In this instance, the stereotype is Hansel, played by Owen Wilson. Not only is he a stereotypical model (handsome, stupid, a bit conceited), this clip also insinuates he is a Buddhist. I wasn't sure at first, but I was thinking of the part where he's by the ocean doing mystical hand movements saying when he was a kid he was more interested in what bark is made out of on a tree and basically his character throughout the whole movie. I decided I could use this clip when Hansel mentions Richard Gere as one of his heroes. Richard Gere is in fact a Buddhist, although he comes from a Methodist upbringing. Firstly, I want to address Hansel. I hate to say it, but I believe Americans stereotype a lot of eastern religions as being naïve, kind of living in some fantasy world. Hansel represents this ignorance. He doesn't mention any world issues, any interests in activism, but he likes Richard Gere. Obviously that's not the case with Gere who has been active in the Buddhist community and other world issues. I just think that Americans do think of Buddhists as being “blissed out” (I know Rasnic used this, but I liked it), kind of like Hansel. Unaware of how they appear to the rest of the world, and absorbed in trivial issues such as what bark is made out of.

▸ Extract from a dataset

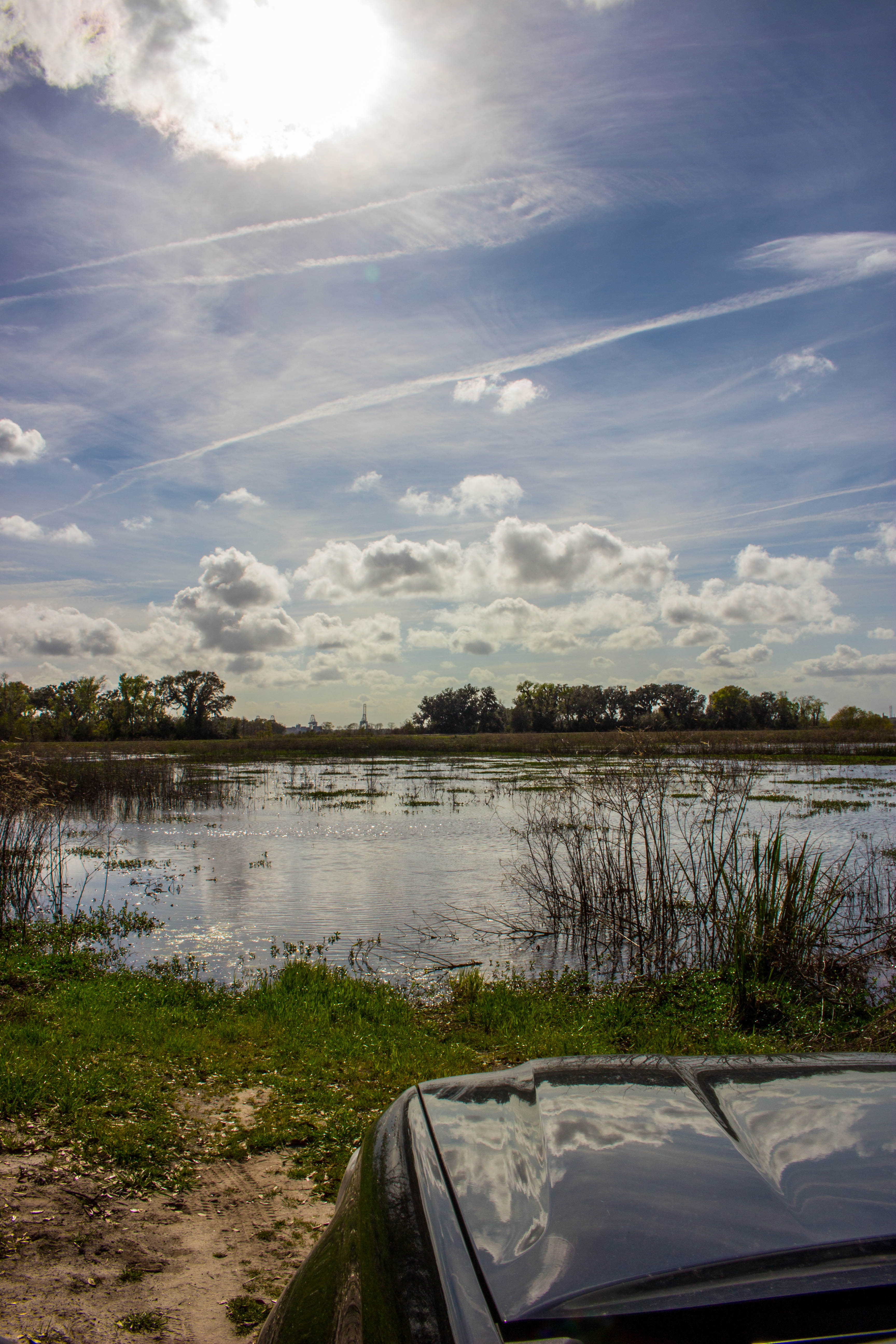 Photograph Wildlife Drive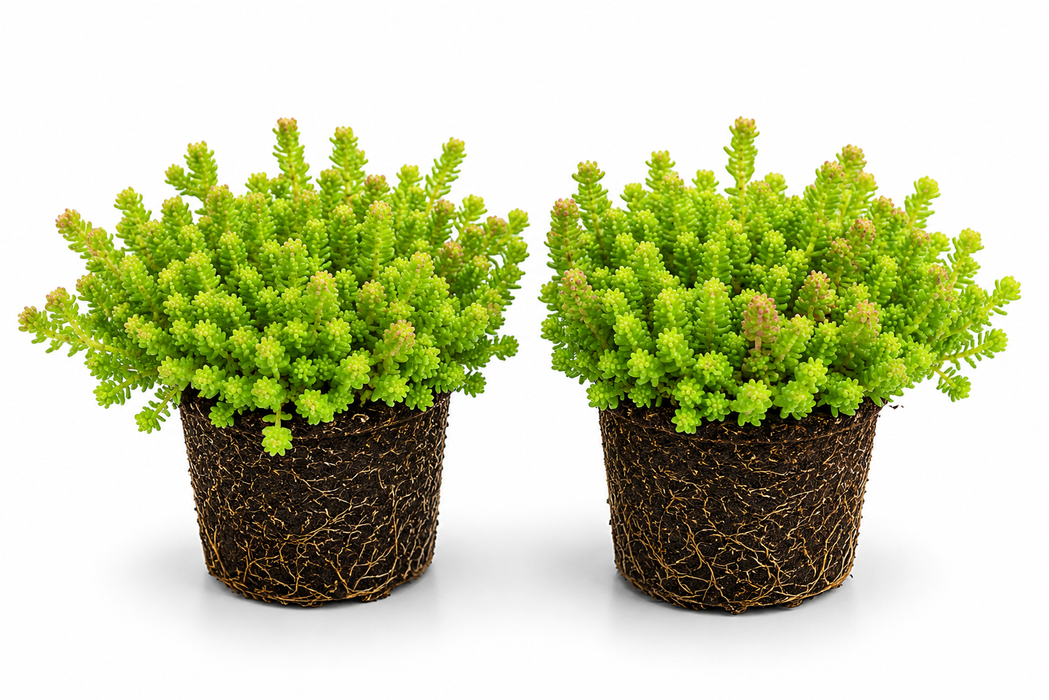 Sedum Sexangulare – 72 stuks – Sedum pluggen – ca. 40 mm doorsnede – ca. 50 mm hoogte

My first impression of what Brad Warner thinks about Buddhism and the West is that we basically have no idea. He talks of the first “zen master”, Fred, he researched in Los Angeles, pointing out how Fred taught a class called “Tantric Zen”. Warner follows up with the statement “folks, there ain't no such thing as Tantric Zen” (13). Tantric buddhism is a Tibetan tradition, and zen is a Japanese tradition. I can relate this to my video because obviously Hansel has no idea what he's talking about...concerning anything. Warner talks about the “obvious rip-offs I couldn't believe anyone could fall for” (26), such as “the growing movement to bring back the idea that psychedelic drugs could give you in a single dose the insight that dedicated Buddhist practitioners spent decades working on” (26). I remember a specific scene in Zoolander (I couldn't find a video), where Hansel gives everyone “special” tea to find themselves or something. Hansel doesn't know what he's doing, idolizes Richard Gere and all, when it comes to Buddhism, and I believe that's a stereotype we often have of Buddhist practitioners here in the U.S.